# Try it:
The answer is the full set of records below, transcribed exactly.

━━━━━ Source information ━━━━━

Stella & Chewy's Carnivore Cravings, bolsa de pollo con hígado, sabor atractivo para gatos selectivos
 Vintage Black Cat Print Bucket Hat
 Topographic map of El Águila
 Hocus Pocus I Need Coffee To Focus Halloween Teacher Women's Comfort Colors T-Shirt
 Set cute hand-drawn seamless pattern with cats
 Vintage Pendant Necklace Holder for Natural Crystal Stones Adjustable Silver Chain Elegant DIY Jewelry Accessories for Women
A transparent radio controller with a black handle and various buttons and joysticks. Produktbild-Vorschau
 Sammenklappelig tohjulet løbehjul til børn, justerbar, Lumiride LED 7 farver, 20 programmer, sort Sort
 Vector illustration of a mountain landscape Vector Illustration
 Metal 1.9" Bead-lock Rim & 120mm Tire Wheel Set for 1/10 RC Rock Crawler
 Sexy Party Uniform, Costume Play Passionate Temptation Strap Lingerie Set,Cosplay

━━━━━

# Worked solution:
Stella & Chewy's Carnivore Cravings, bolsa de pollo con hígado, sabor atractivo para gatos selectivos
 Vintage Black Cat Print Bucket Hat
 Topographic map of El Águila
 Hocus Pocus I Need Coffee To Focus Halloween Teacher Women's Comfort Colors T-Shirt
 Set cute hand-drawn seamless pattern with cats
 Vintage Pendant Necklace Holder for Natural Crystal Stones Adjustable Silver Chain Elegant DIY Jewelry Accessories for Women
A transparent radio controller with a black handle and various buttons and joysticks. Produktbild-Vorschau
 Sammenklappelig tohjulet løbehjul til børn, justerbar, Lumiride LED 7 farver, 20 programmer, sort Sort
 Vector illustration of a mountain landscape Vector Illustration
 Metal 1.9" Bead-lock Rim & 120mm Tire Wheel Set for 1/10 RC Rock Crawler
 Sexy Party Uniform, Costume Play Passionate Temptation Strap Lingerie Set,Cosplay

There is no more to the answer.